⟨

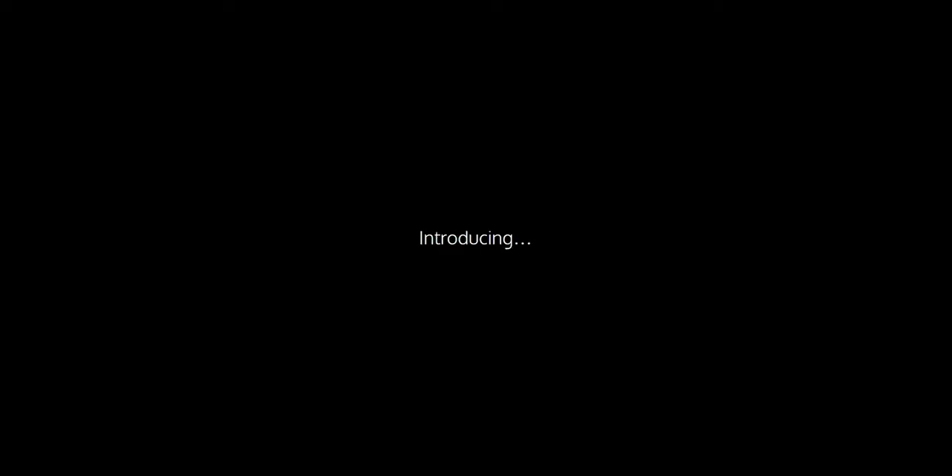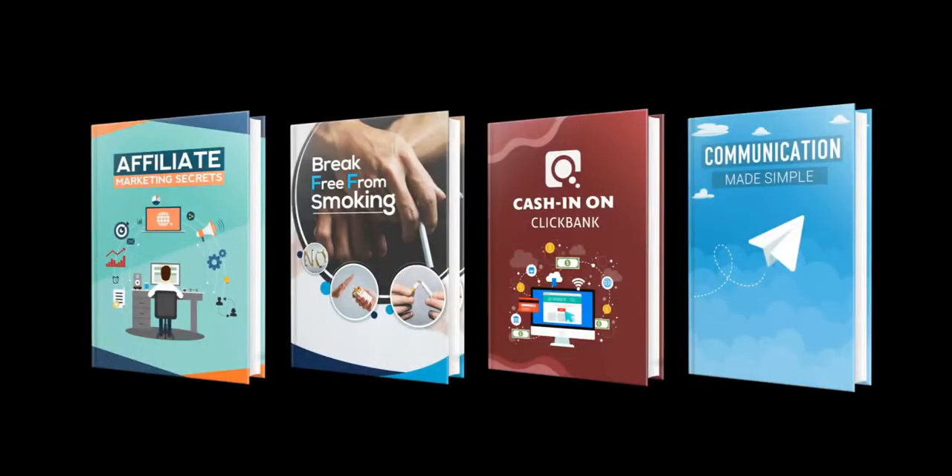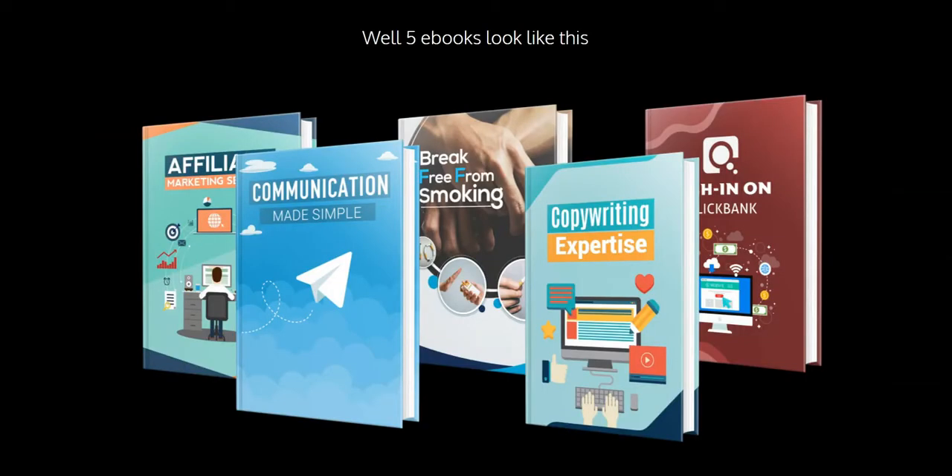Imagine having your own giant library ready to start selling in seconds. Of course, we should be charging more like $9.97 at least for this, so this is a complete no-brainer. And it is giant — introducing Giant Ebook Kit. Take a look at the quality you can expect to get. What do 3,000 of these look like? Well, 5 looks a bit like this, 10 would look like this, 50, 500, and 3,000. So many images that it even made my fans kick in on my computer.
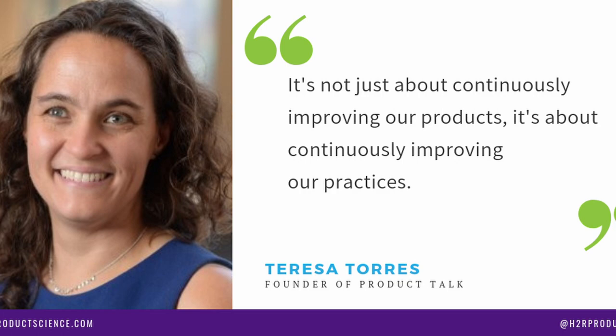A little bit about Teresa Torres — she's a product discovery coach, a consultant, and a speaker, known for a lot of great work within the product management space. She has been in the industry for over 15 years, working with a variety of companies closely with product managers, designers, and software engineers around how they optimize their discovery process.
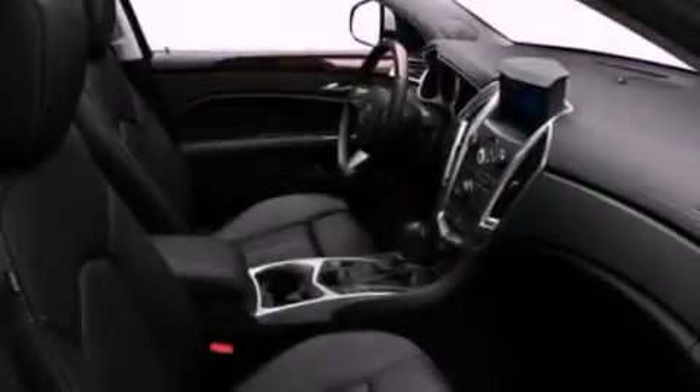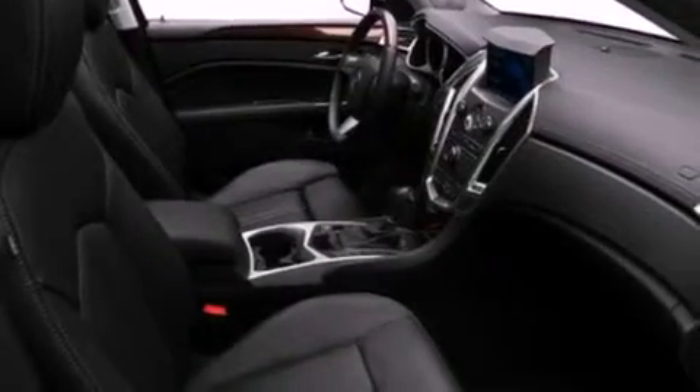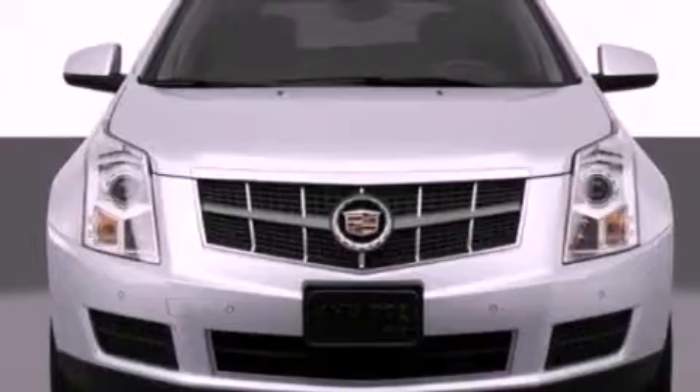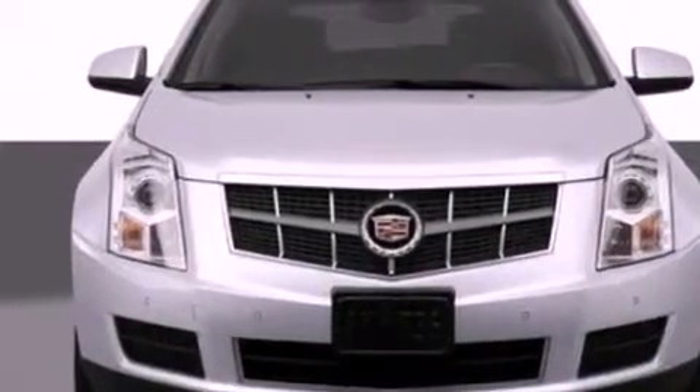The following features are also included: a navigation system, a sunroof, heated front seats, aluminum wheels, leather seats, and performance tires.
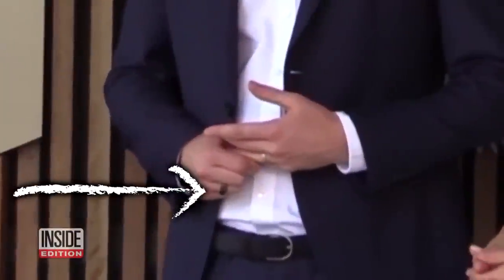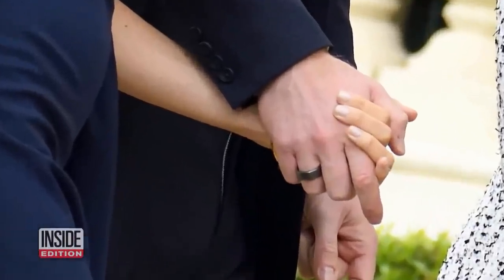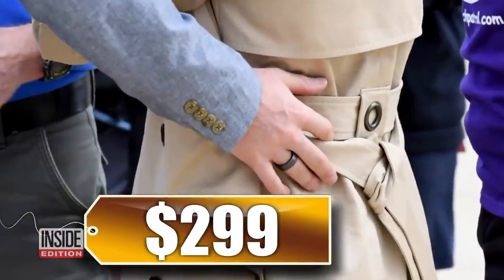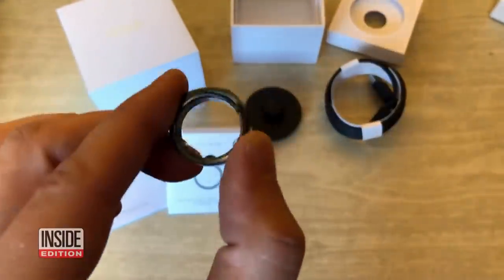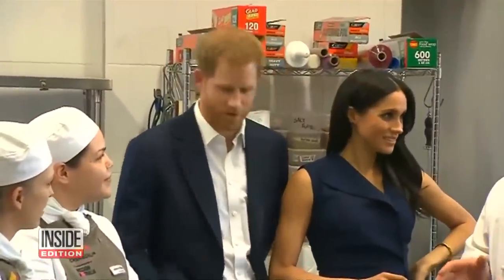And what's that ring on Harry's finger? Turns out the large distinctive black ring is actually a fitness tracker. The titanium ring, which cost $299, was a gift from Meghan. It's called the Oura ring and it has built-in sensors that can measure your heartbeat and sleep patterns. It'll sure come in handy when the baby arrives.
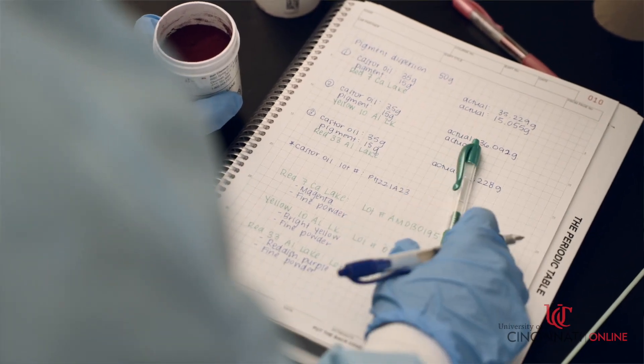I am KP Anant, Professor and Director of Cosmetic Science Programs at the College of Pharmacy at the University of Cincinnati. Please come and join us.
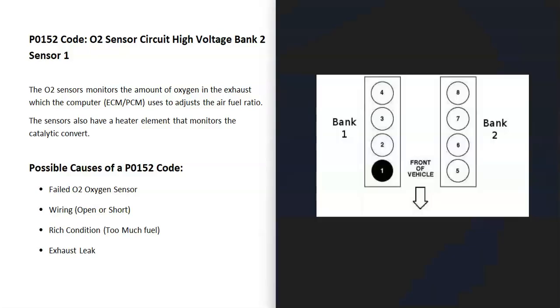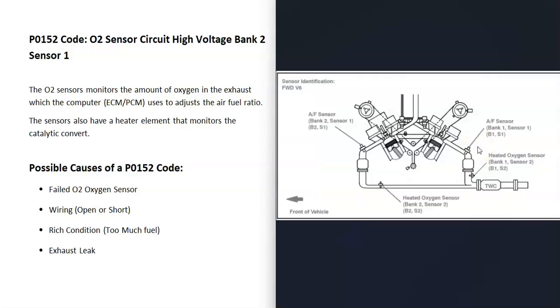If you have a V6 or V8 engine, you're going to have two banks. Bank one is always the side of the engine with the number one cylinder, and the opposite is bank two. Sensor one is always going to be before the catalytic converter — also called the upstream — and sensor two is located after the catalytic converter or right on it. It can be a good idea to get a diagram of where all your sensors are located on your particular vehicle, since there can be some differences. For example, this is a 2007 Camry with a 3.5 liter V6, and that bank two sensor one is going to be right here, located before the catalytic converter — the one the computer has seen a problem with.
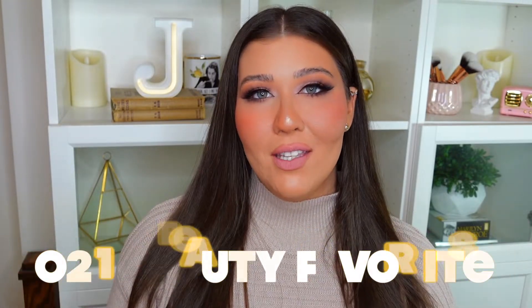Hey guys and welcome back to my channel! Today I'm going to be sharing my 2021 beauty favorites — all the products that have stood out to me this year. I cannot believe it's already 2022; 2021 was kind of just a blur for me. It was a bit of a crazy year with ups and downs, but I hope there are better things for 2022 — fingers crossed! I did have quite a few fun and new beauty favorites, plus some old ones I rediscovered that became everyday staples.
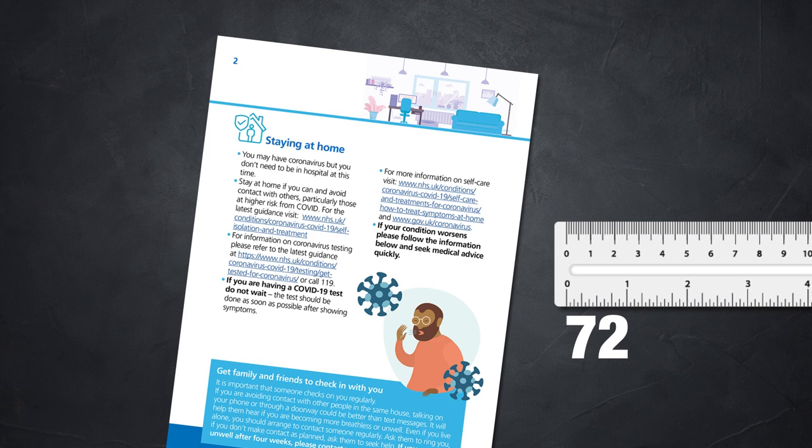72 points is the equivalent of an inch, or 2.54 centimeters. So if you're trying to gauge how large type will appear when printed, 72 is a good size reference.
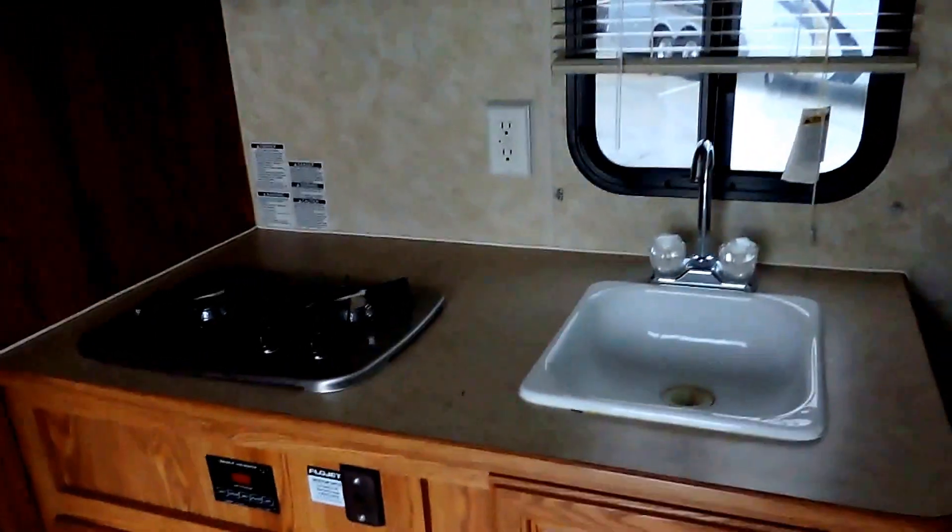In the kitchen on the left there's a pantry and a refrigerator down low — ice box. It has a double burner stove, sink, microwave, and furnace down low.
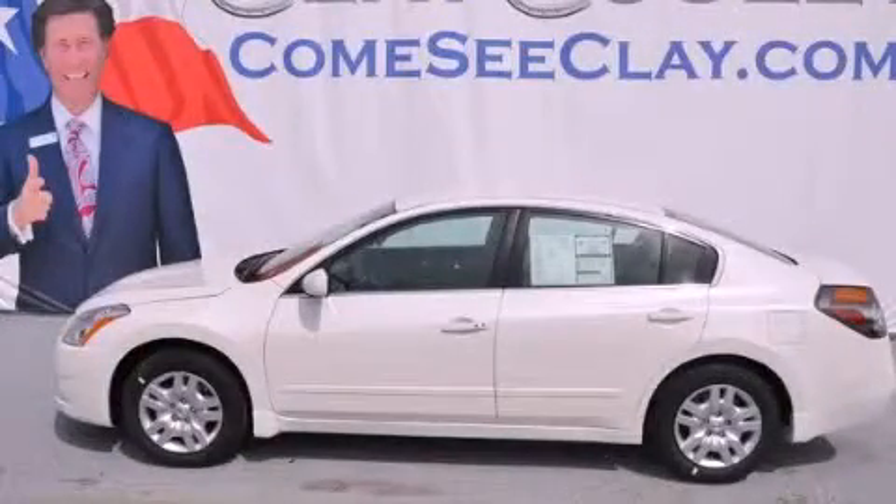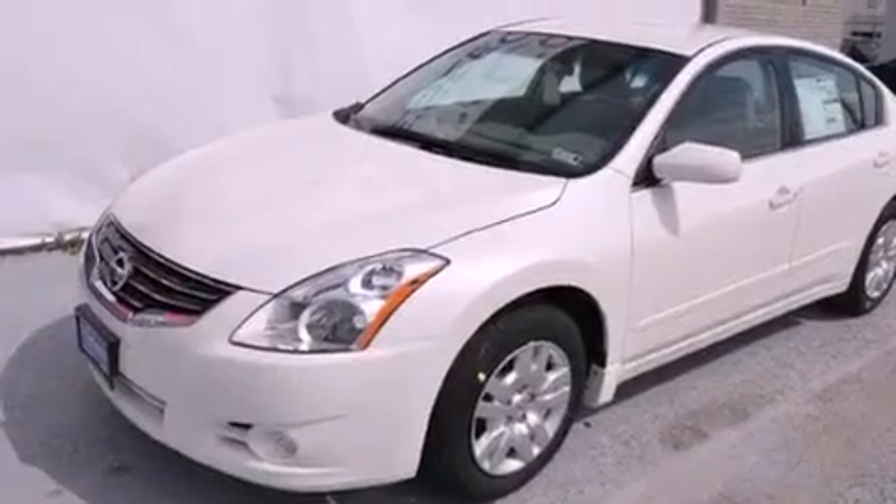This is a brand-new 2012 Nissan Altima. It features a 2.5-liter four-cylinder engine and an automatic transmission.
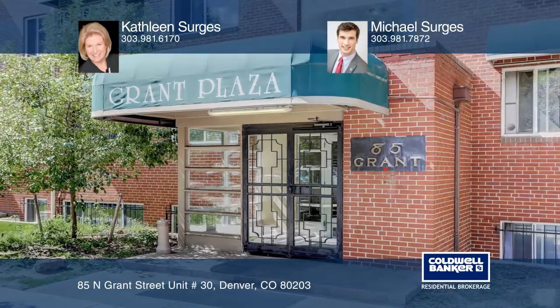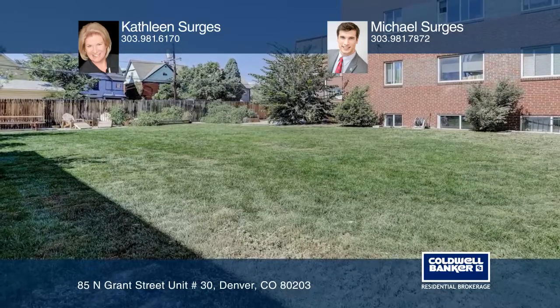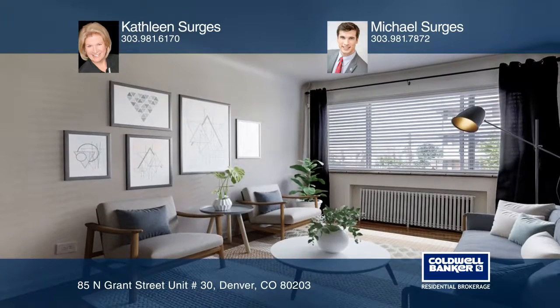You'll love this super cute two-bedroom one-bath penthouse level condo. Convenient to downtown Denver, restaurants and breweries, Cherry Creek, Washington Park, bus and light rail.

⟩

#### What is expected
Could the entries above be returned verbatim, with no pictures included?

#### Response box
Imagine having your own giant library ready to start selling in seconds. Of course, we should be charging more like $9.97 at least for this, so this is a complete no-brainer. And it is giant — introducing Giant Ebook Kit. Take a look at the quality you can expect to get. What do 3,000 of these look like? Well, 5 looks a bit like this, 10 would look like this, 50, 500, and 3,000. So many images that it even made my fans kick in on my computer.
A little bit about Teresa Torres — she's a product discovery coach, a consultant, and a speaker, known for a lot of great work within the product management space. She has been in the industry for over 15 years, working with a variety of companies closely with product managers, designers, and software engineers around how they optimize their discovery process.
The following features are also included: a navigation system, a sunroof, heated front seats, aluminum wheels, leather seats, and performance tires.
And what's that ring on Harry's finger? Turns out the large distinctive black ring is actually a fitness tracker. The titanium ring, which cost $299, was a gift from Meghan. It's called the Oura ring and it has built-in sensors that can measure your heartbeat and sleep patterns. It'll sure come in handy when the baby arrives.
I am KP Anant, Professor and Director of Cosmetic Science Programs at the College of Pharmacy at the University of Cincinnati. Please come and join us.
If you have a V6 or V8 engine, you're going to have two banks. Bank one is always the side of the engine with the number one cylinder, and the opposite is bank two. Sensor one is always going to be before the catalytic converter — also called the upstream — and sensor two is located after the catalytic converter or right on it. It can be a good idea to get a diagram of where all your sensors are located on your particular vehicle, since there can be some differences. For example, this is a 2007 Camry with a 3.5 liter V6, and that bank two sensor one is going to be right here, located before the catalytic converter — the one the computer has seen a problem with.
Hey guys and welcome back to my channel! Today I'm going to be sharing my 2021 beauty favorites — all the products that have stood out to me this year. I cannot believe it's already 2022; 2021 was kind of just a blur for me. It was a bit of a crazy year with ups and downs, but I hope there are better things for 2022 — fingers crossed! I did have quite a few fun and new beauty favorites, plus some old ones I rediscovered that became everyday staples.
72 points is the equivalent of an inch, or 2.54 centimeters. So if you're trying to gauge how large type will appear when printed, 72 is a good size reference.
In the kitchen on the left there's a pantry and a refrigerator down low — ice box. It has a double burner stove, sink, microwave, and furnace down low.
This is a brand-new 2012 Nissan Altima. It features a 2.5-liter four-cylinder engine and an automatic transmission.
You'll love this super cute two-bedroom one-bath penthouse level condo. Convenient to downtown Denver, restaurants and breweries, Cherry Creek, Washington Park, bus and light rail.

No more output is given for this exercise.